▶
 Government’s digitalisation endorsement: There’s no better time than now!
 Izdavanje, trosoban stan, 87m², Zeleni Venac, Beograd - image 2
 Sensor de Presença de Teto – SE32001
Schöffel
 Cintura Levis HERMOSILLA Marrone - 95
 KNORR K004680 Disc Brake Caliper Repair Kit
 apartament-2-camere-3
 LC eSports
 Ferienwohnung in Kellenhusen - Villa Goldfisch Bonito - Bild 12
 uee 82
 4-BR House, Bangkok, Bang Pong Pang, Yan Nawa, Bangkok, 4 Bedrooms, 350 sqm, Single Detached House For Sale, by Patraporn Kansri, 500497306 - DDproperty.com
◀
▶
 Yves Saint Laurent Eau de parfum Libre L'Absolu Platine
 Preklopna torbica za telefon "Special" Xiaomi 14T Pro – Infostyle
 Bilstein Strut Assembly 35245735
◀
Brief:
Nothing but the lines above from the one containing "Ferienwohnung in Kellenhusen" through the one containing "4-BR House, Bangkok, Bang" should appear in the answer, each repeated exactly.

Reply:
 Ferienwohnung in Kellenhusen - Villa Goldfisch Bonito - Bild 12
 uee 82
 4-BR House, Bangkok, Bang Pong Pang, Yan Nawa, Bangkok, 4 Bedrooms, 350 sqm, Single Detached House For Sale, by Patraporn Kansri, 500497306 - DDproperty.com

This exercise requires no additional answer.